Bernardin et al. (2009) defined leniency as "the tendency on the part of raters to assign ratings that are higher than are justified by the actual performance level" (p. 300). In a study of peer ratings under low-accountability conditions, they found that rater personality predicted leniency: Agreeableness was positively correlated with rating level (r = .18, p < .05), while Conscientiousness was negatively correlated (r = -.20, p < .05). Raters who were both more agreeable and less conscientious produced the most lenient and least accurate ratings.

Bernardin et al. (2015) extended this work to a field study of Fortune 500 retail managers (N = 125), finding that leniency was stable across different rating situations — the same raters tended to be lenient regardless of whether they were rating subordinates, peers, or managers. Performance management competence independently predicted rating accuracy, and the most lenient raters were consistently more agreeable, less assertive, and less competent at performance management.

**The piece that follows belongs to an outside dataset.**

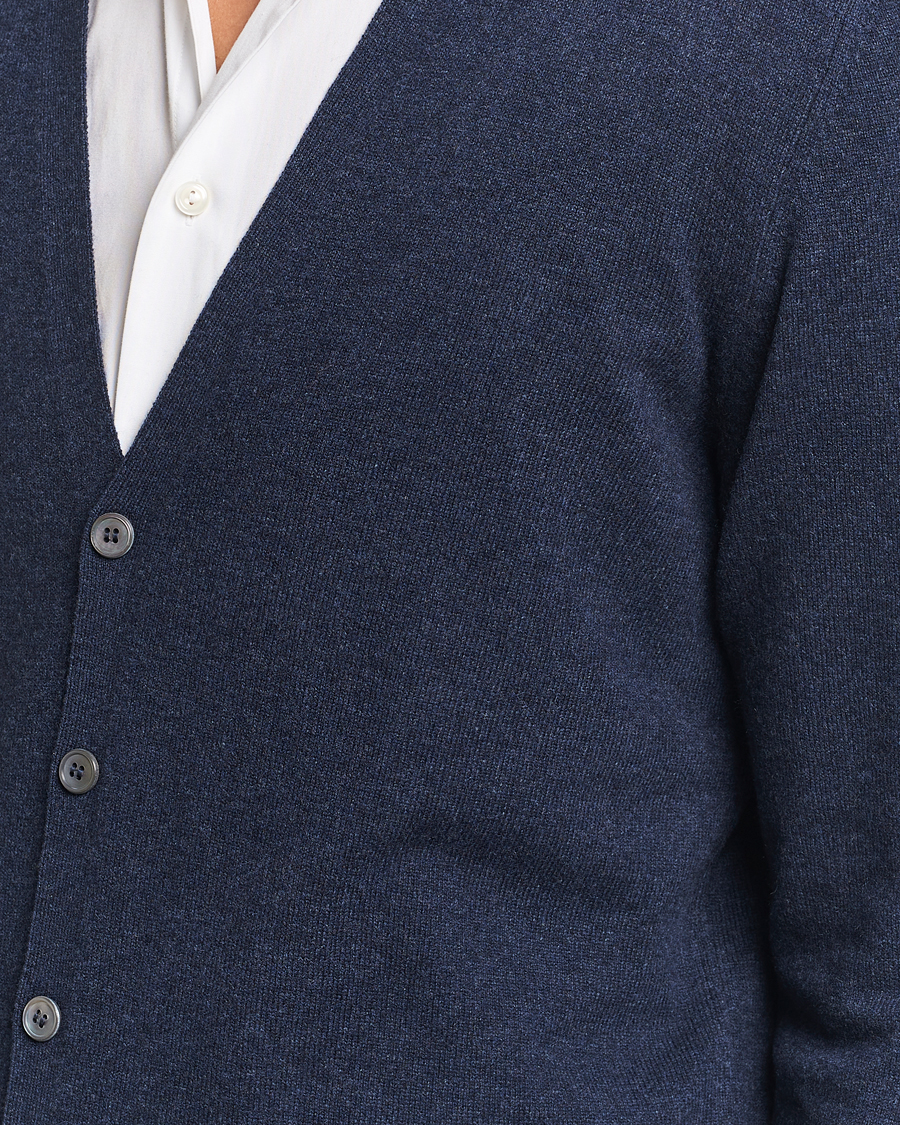 Mies | Puserot | Gran Sasso | Wool/Cashmere Cardigan Navy Melange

Randall and Sharples (2010) demonstrated that conflict avoidance is a key motivator of leniency. In their experimental study (n = 230), three independent factors predicted inflated ratings of poor performance: high rater Agreeableness, inflated self-ratings from the ratee, and the prospect of future collaboration with the person being rated.

Common Misconceptions

People often assume leniency is a deliberate choice — that raters consciously decide to inflate scores. The research suggests otherwise. Leniency is largely driven by unconscious social motivations: the desire to avoid conflict, the discomfort of delivering negative feedback, and the wish to maintain positive relationships (Randall & Sharples, 2010). This is precisely why it is so difficult to eliminate through instructions alone. Telling raters to "be honest" does not address the underlying psychological pressures that produce inflation.

How This Connects to Better Hiring

Leniency bias explains why unstructured references and open-ended letters of recommendation produce ratings that are overwhelmingly positive and virtually indistinguishable across candidates. The solution is structural: behaviorally anchored questions, consistent rating scales, and formats that require raters to make specific comparisons rather than global judgments. Structure does not eliminate leniency entirely, but it reduces its impact by channeling raters toward more precise, differentiated assessments.